Task to carry out — The records should be repeated word for word, pictures excluded.
Data for this exercise Start Marker
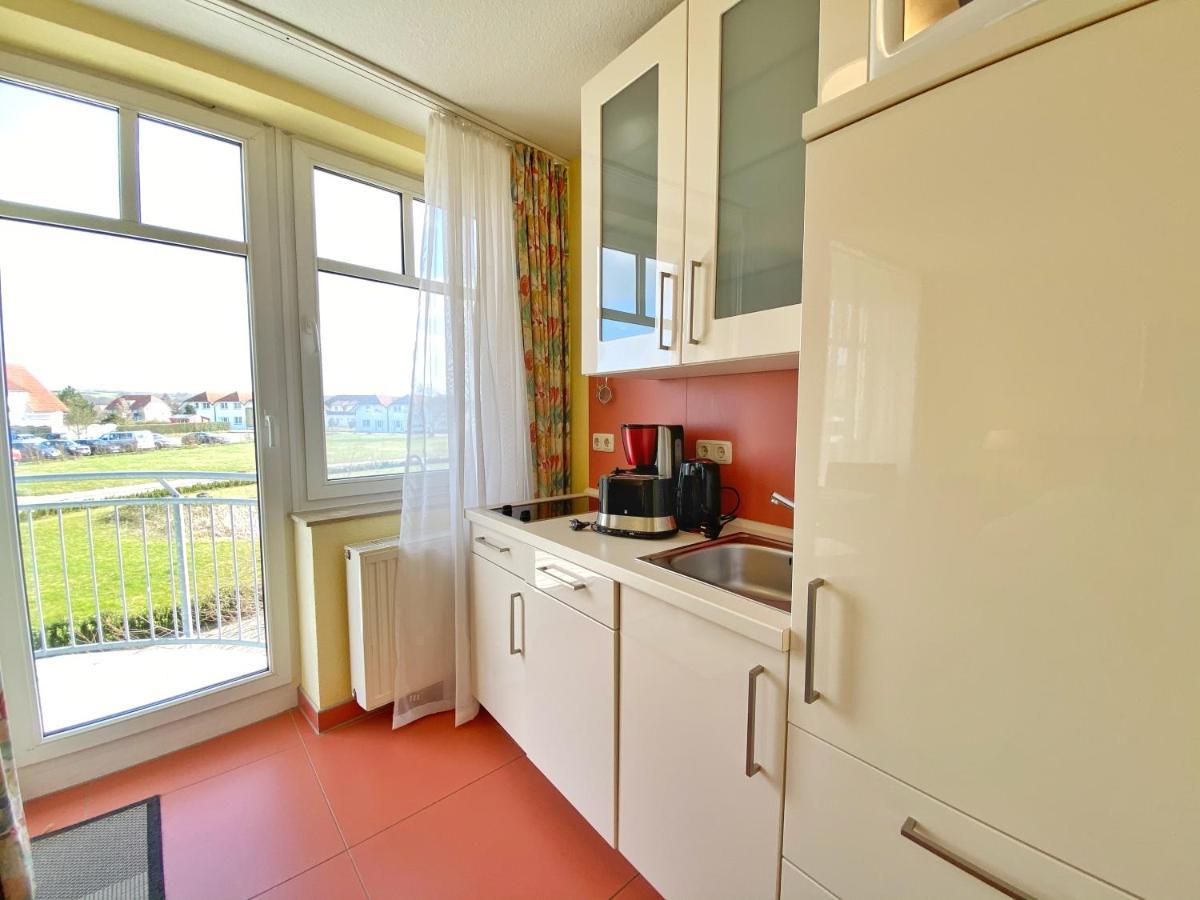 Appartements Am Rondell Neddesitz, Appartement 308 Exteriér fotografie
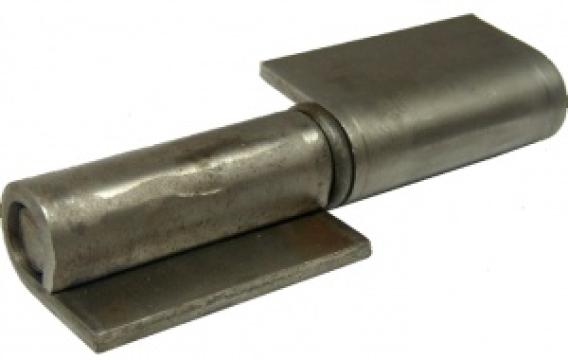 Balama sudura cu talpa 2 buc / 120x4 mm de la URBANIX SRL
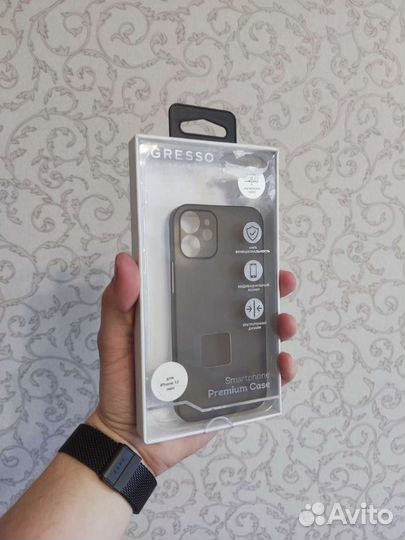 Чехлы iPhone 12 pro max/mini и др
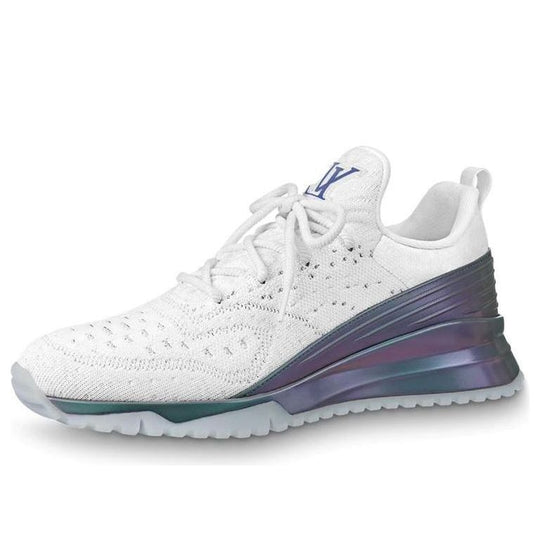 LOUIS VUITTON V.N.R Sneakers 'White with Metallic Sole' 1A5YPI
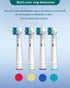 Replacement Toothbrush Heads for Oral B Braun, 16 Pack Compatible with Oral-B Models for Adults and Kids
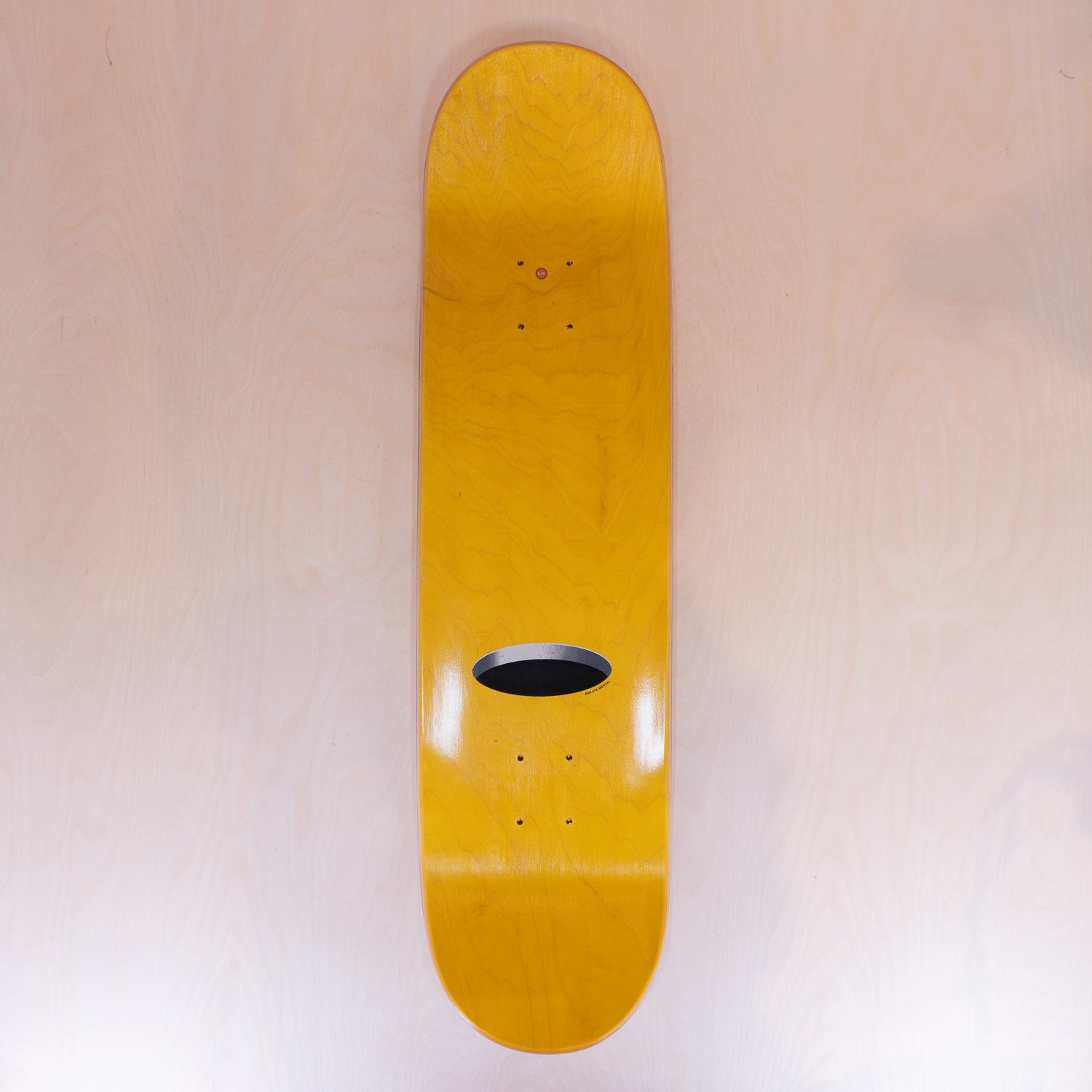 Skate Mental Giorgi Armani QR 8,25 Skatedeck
Data for this exercise End Marker
Solution for this task —
 Appartements Am Rondell Neddesitz, Appartement 308 Exteriér fotografie
 Balama sudura cu talpa 2 buc / 120x4 mm de la URBANIX SRL
 Чехлы iPhone 12 pro max/mini и др
 LOUIS VUITTON V.N.R Sneakers 'White with Metallic Sole' 1A5YPI
 Replacement Toothbrush Heads for Oral B Braun, 16 Pack Compatible with Oral-B Models for Adults and Kids
 Skate Mental Giorgi Armani QR 8,25 Skatedeck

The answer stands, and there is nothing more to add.